Au-delà de la famille : essieu, côté, motorisation

Un distributeur de pièces détachées ne vend pas seulement des familles de pièces : il vend des pièces compatibles avec un essieu (avant ou arrière), un côté (gauche ou droit) et une motorisation — y compris ses désignations commerciales (HDi, TDi, TSI). Ces informations sont rarement présentes dans le libellé produit sous une forme qu'une recherche textuelle classique peut exploiter seule.

« Plaquettes avant » et « arrière » doivent être compris comme un couple, pas comme deux mots isolés que le moteur additionnerait au hasard : l'essieu qualifie la pièce, il ne s'y ajoute pas. Une recherche pour un train avant ne doit jamais faire remonter une référence arrière en tête de liste, même si les deux libellés partagent l'essentiel de leurs mots.

Ce que ça coûte, concrètement

Une plaquette montée sur le mauvais essieu revient au comptoir — parfois après montage. Pour un distributeur, ce n'est pas un clic perdu : c'est un retour, un avoir, et un client qui recommande deux fois pour recevoir une fois. Le coût logistique et SAV d'une mauvaise référence dépasse largement celui d'une recherche qui prend trois secondes de plus.

Deux limites assumées

Le pack ne construit aucune table d'équivalence automatique entre équipementiers : une référence Bosch et son équivalent chez MANN ou Valeo ne sont pas reliées par défaut. Ce n'est pas une lacune à combler dans une prochaine version — une règle reconnaît une forme, une équivalence est une correspondance entre deux catalogues propriétaires ; aucune règle, aussi bien écrite soit-elle, ne peut produire cette information à partir du texte seul.

Il ne reconnaît pas non plus, par défaut, une référence constructeur (OEM) — 7701206339 chez Renault, 06A115561B chez VAG. Un client qui tape sa référence d'origine plutôt que celle d'un équipementier n'obtient rien tant que cette référence n'est pas indexée ailleurs.

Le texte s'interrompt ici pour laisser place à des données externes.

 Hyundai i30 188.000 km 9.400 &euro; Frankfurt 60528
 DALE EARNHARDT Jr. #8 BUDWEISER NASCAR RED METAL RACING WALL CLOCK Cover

Le correctif est le même dans les deux cas : reporter les références manquantes — d'origine ou d'un équipementier tiers — dans un champ indexé dédié. Le moteur les trouve alors comme du texte, au même titre que n'importe quel autre champ produit, sans annotation ni règle spécifique. La Custom Rule, elle, sert à autre chose : apprendre au moteur la convention de numérotation d'un équipementier qu'il ne reconnaît pas encore — pas à relier deux équipementiers entre eux.

Pour la suite

Si votre catalogue de pièces détachées est déjà structuré par essieu, côté et motorisation, le pack automobile les reconnaît sans configuration supplémentaire dès le premier import. S'il vous manque des références constructeur ou une correspondance entre équipementiers, un champ indexé dédié les rend cherchables — sans attendre une mise à jour du moteur pour les prendre en compte.